> **Problem statement**
Line by line, retype the material with nothing left out.
___ Data block
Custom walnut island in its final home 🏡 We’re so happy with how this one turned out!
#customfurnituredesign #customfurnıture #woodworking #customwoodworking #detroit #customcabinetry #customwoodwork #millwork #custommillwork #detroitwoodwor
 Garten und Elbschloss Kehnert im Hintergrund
______
> **Written answer**
Custom walnut island in its final home 🏡 We’re so happy with how this one turned out!
#customfurnituredesign #customfurnıture #woodworking #customwoodworking #detroit #customcabinetry #customwoodwork #millwork #custommillwork #detroitwoodwor
 Garten und Elbschloss Kehnert im Hintergrund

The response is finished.